Os factos a considerar são além dos acima relatados os seguintes:
· Aos 14/07/2005 foi notificado o Ex.mo mandatário judicial da Autora para proceder à tradução da petição inicial e dos documentos que a acompanham com vista à citação da Ré W... nos termos do REGULAMENTO 1348/2000, de 29/05.
· Aos 28/09/2005 ao ilustre mandatário do Autor veio juntar as traduções pedidas.
· Aos 17/10/05 solicitou-se à Direcção-Geral dos Serviços Jurídicos – Cooperação Jurídica Internacional o envio da citação da Ré W... ao abrigo do mencionado REGULAMENTO e onde se pede a citação da W... e consta como endereço: “..., ..., Londres, ... no Reino Unido.

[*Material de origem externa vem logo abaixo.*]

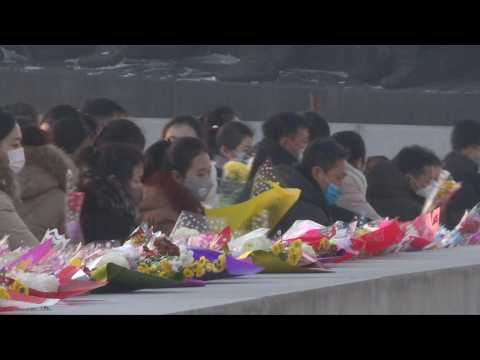 North Koreans lay flowers on New Year's Day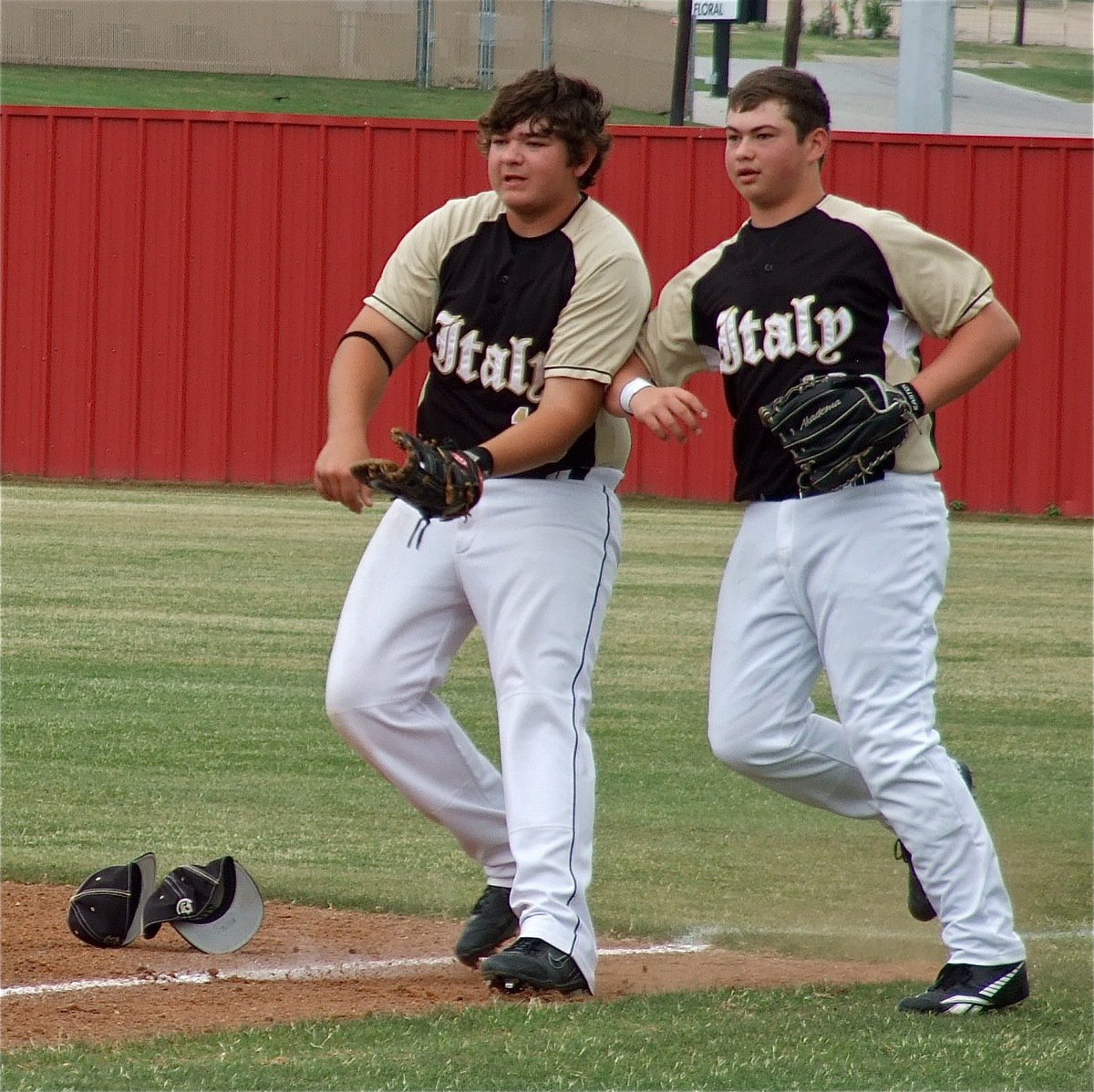 Image: Two hats are better than one. Kevin Roldan(16), and, Zain Byers(10), team up trying to make a play.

· Com data de entrada de 30/11/05 encontra-se já devolvido o mencionado formulário do REGULAMENTO e nas razões para o não cumprimento da carta consta: DEFENDANT COMPANY NOT KNOWN AT THE ADRESS GIVEN (Ré desconhecida no endereço dado)-fls. 265 a 267.
· Aos 13/12/05 a Autora veio dizer que a a Sociedade Ré em causa identifica-se nos documentos notariais juntos aos autos como tendo a sede social na morada indicada não dispondo os Autores de qualquer outra informação, sendo que nos documentos notariais intervém como seu mandatário e procurador o Dr. C..., mandatário da Ré RM o qual deve ser notificado para esclarecer se a Ré W... tem algum representante em Portugal e a sua identificação ou não tendo se mantém a sua sede social na morada indicada nos autos ou se pelo contrário a transferiu para outro local juntando documentos comprovativos e caso o ilustre mandatário não preste a informação não havendo possibilidade de obter a citação da Ré por qualquer outra via deverá proceder-se à sua citação edital.
· O ilustre mandatário da co-ré RM, o Dr. C... veio por requerimento de 24/01/06 informar que o único domicílio que conhece à co-ré W... é aquele onde se tentou já a citação em Inglaterra e que a sua representação se situa no escritório do seu procurador o Sr. Dr. D..., Advogado, com escritório ...  em Lisboa que a representa em Portugal para todos os efeitos legais.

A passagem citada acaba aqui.